Title: 5 wire tach install?
Post by Rylee on 04/18/15 at 18:12:11

So I picked up a tach off eBay that was from a US distributor (still made in China though) and of course it had zero instructions. Was about to pull a pic off Google that gave me an idea of what wire was what. Light has power and ground then there are 3 wires for the tach operation. Green is negative electrode, black is positive electrode and I'm guessing that's + and - on the coil. It's the yellow contacts signal and some models high voltage signal that I'm not sure of?

I searched far and wide but either didn't understand what I saw in previous threads or didn't find it. Either way I'm lost and dont want to hook it up wrong and fry it. I'm gonna re visit the threads and see if I just missed the explanation. Any help would be appreciated.

Title: Re: 5 wire tach install?
Post by Rylee on 04/18/15 at 22:43:32

Did some more searching and finally figured it out. Tapped the light wires into the vacant horn power. Fed the coil wires up thru the tunnel and got the connected. Grounded everything on an unused factory bolt location left over from the bobber conversion. Everything is all buttoned up and wires heat shrunk and tucked away.

May not seem very useful where they are mounted but I wanted a clean triple tree and nothing above the bars. Surprisingly they are both in my extended field of view. To be honest I rarely even look at the speedo unless I see the fuzz and feel I'm going to fast. The tach was more for idle speed and to get an idea of what RPMs I'm at while cruising in specific gears. All I all I'm super happy.

25 bucks for both off eBay. Got them in 2 days and on e I figured out which wire was which took about 30 minutes to install. Took a test run to heat it up and see where my idle speed was and I was sitting at about 1400 RPMs which didn't feel bad without knowledge of the exact rpm. Now I know where it's sitting. Ran the gears out to up to 4500 to see what that felt like and realized when I thought I was pushing each gear I actually had quite a bit to go.

Title: Re: 5 wire tach install?
Post by Kris01 on 04/19/15 at 06:33:21

I've been playing with the idea of adding a tach. I know, I know...it's not very useful but I like to watch the needle move!  :P

How steady is the needle? Being a big single doesn't lend itself to steady tach movement.

Title: Re: 5 wire tach install?
Post by Rylee on 04/19/15 at 13:59:01

@Kris01

Ya I've read the nay sayers who say it's a waste of money. It was nice to see that my idle was high when I felt it was normal. And even nicer to see that when I felt I was pushing the RPM limit in a few gears I was barely at. 4k with room to go.
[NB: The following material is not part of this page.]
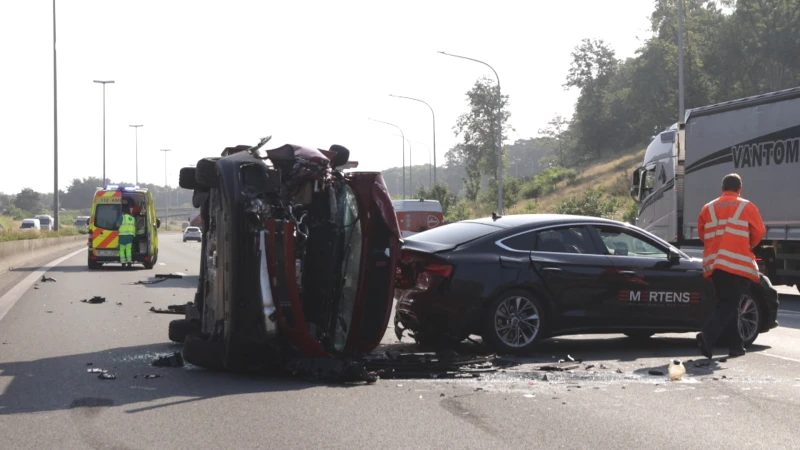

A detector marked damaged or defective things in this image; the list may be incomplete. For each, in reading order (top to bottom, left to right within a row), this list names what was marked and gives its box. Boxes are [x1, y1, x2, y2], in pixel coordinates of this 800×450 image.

overturned red car [173, 139, 400, 370]
damaged dark sedan [173, 139, 404, 370]
damaged dark sedan [390, 213, 780, 354]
For a cheapo tach off eBay it's very responsive. Seems a little slow to drop but that may be due to the 14" or so of wire between the tach and the coil. Not sure if it's like stereo amp power where you have a slight loss of signal power per so much distance of wire. I'm happy and at $25, free shipping to my door in 2 days and a relatively easy install once I figured it out you can't beat it.

I did not however use the individual mount brackets so if anyone needs them I'd throw them in an envelope and send them your way.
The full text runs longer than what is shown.